Instructions to follow
Exactly the lines from the one containing "Argolas Coração Madrepérola" through the end of the listing below are required, restated word for word and without pictures.
──────── Records to process
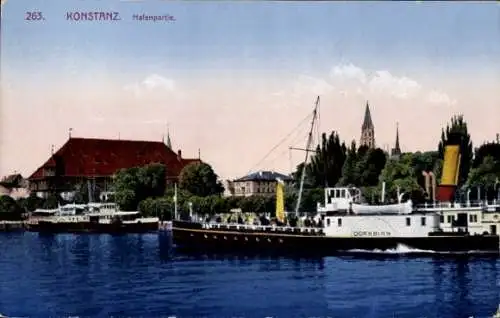 Ak Konstanz am Bodensee, Hafenpartie, Dampfer Dornbirn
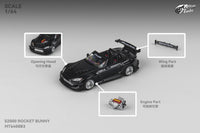 Custom Honda S2000 Rocket Bunny - Metallic Black Micro Turbo 1/64 scale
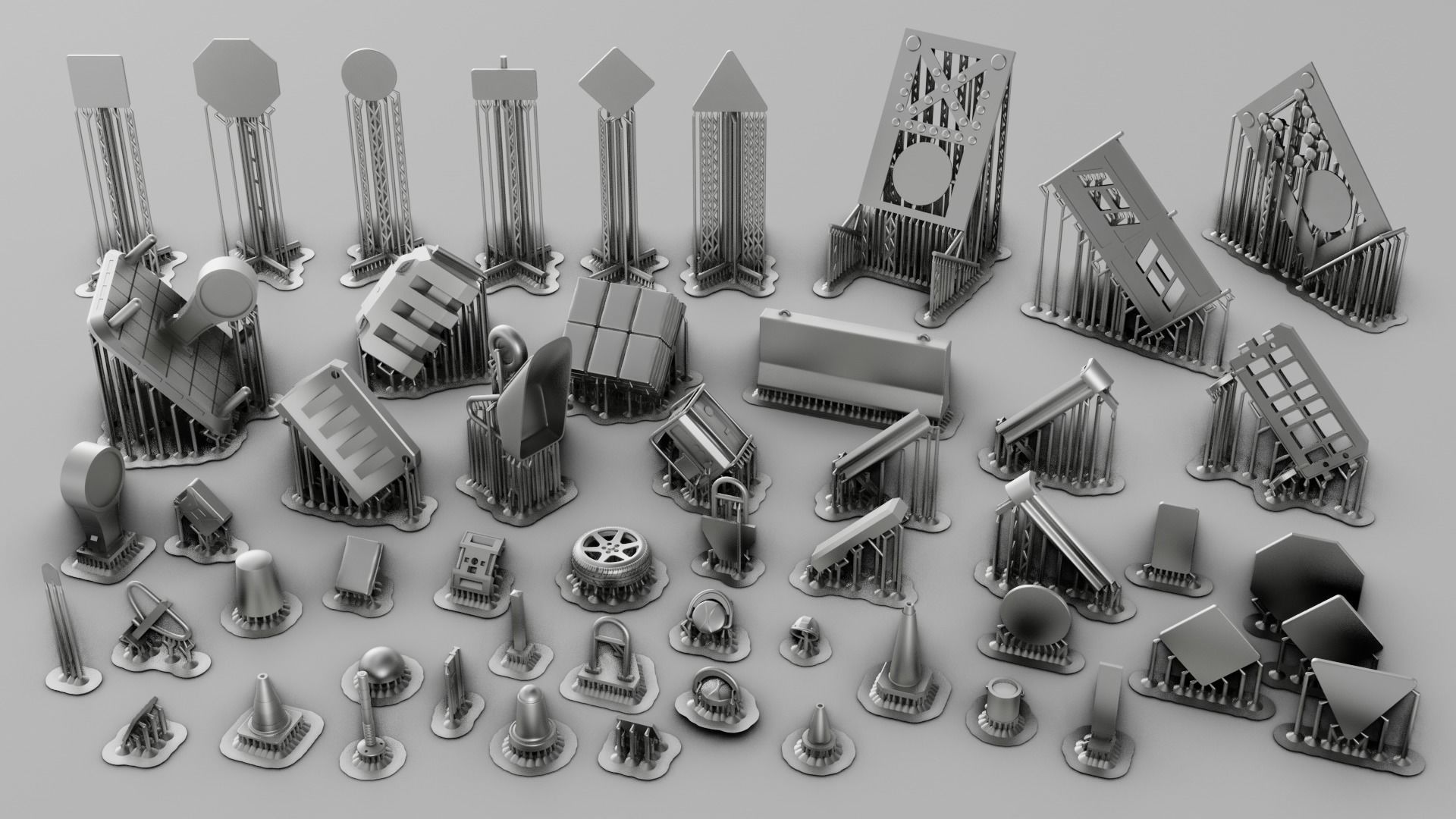 Traffic Road Work Diorama Pack 3D print model_11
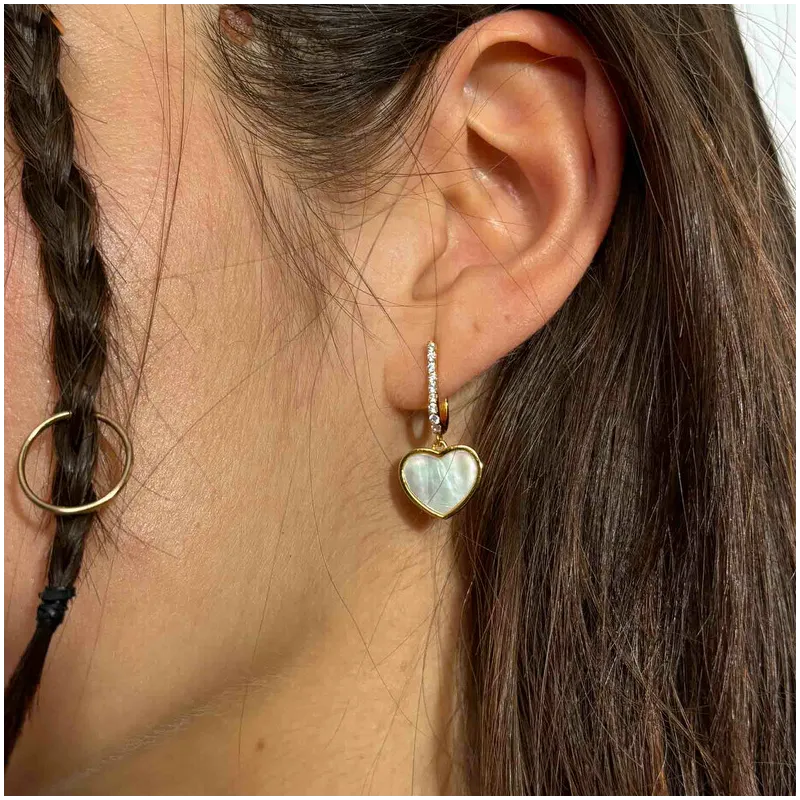 Argolas Coração Madrepérola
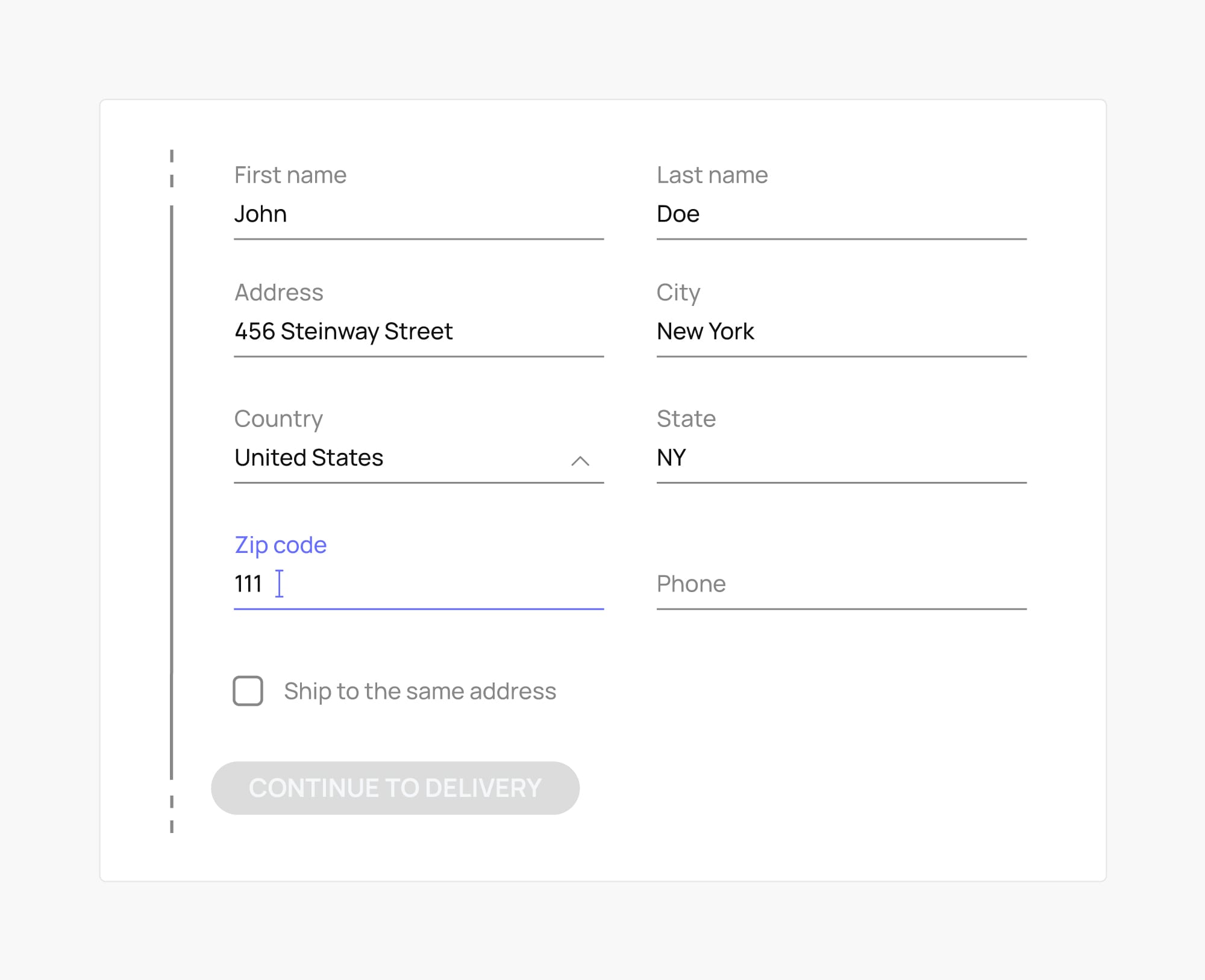 Adding a billing address.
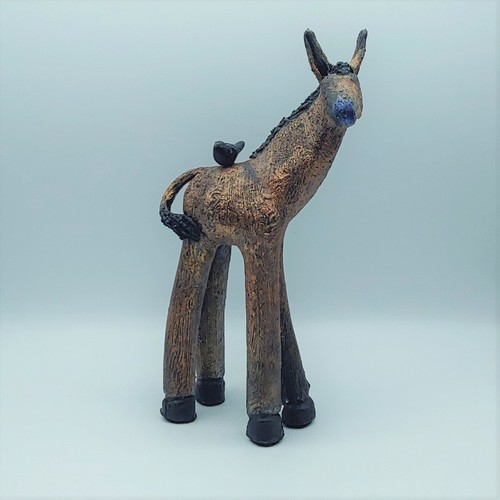 Click to view detail for CS-007 Peanut Burro with black bird $400
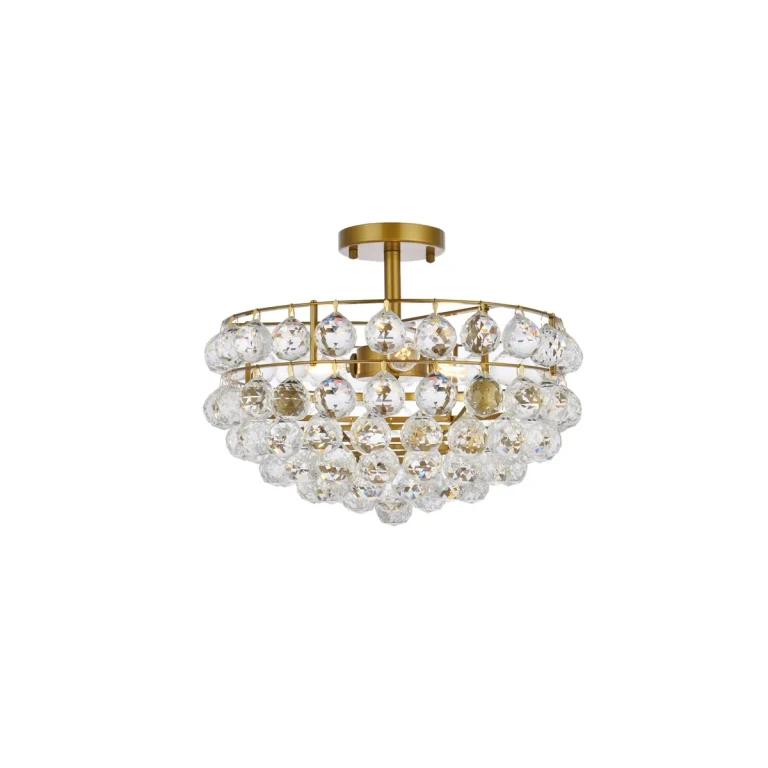 Brass Three Light Flush Mount from the Savannah Collection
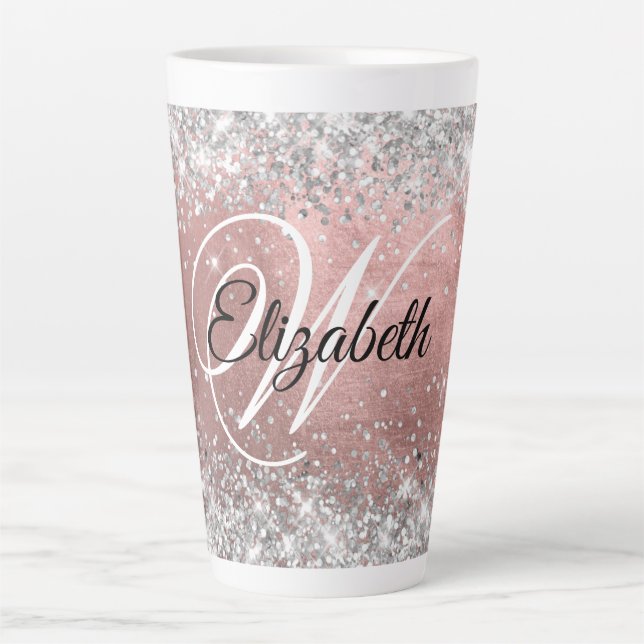 Funkelnd Silver Glitzer Rose Blush Foil Monogramm Milchtasse (Vorderseite)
────────────────
Completed exercise
 Argolas Coração Madrepérola
 Adding a billing address.
 Click to view detail for CS-007 Peanut Burro with black bird $400
 Brass Three Light Flush Mount from the Savannah Collection
 Funkelnd Silver Glitzer Rose Blush Foil Monogramm Milchtasse (Vorderseite)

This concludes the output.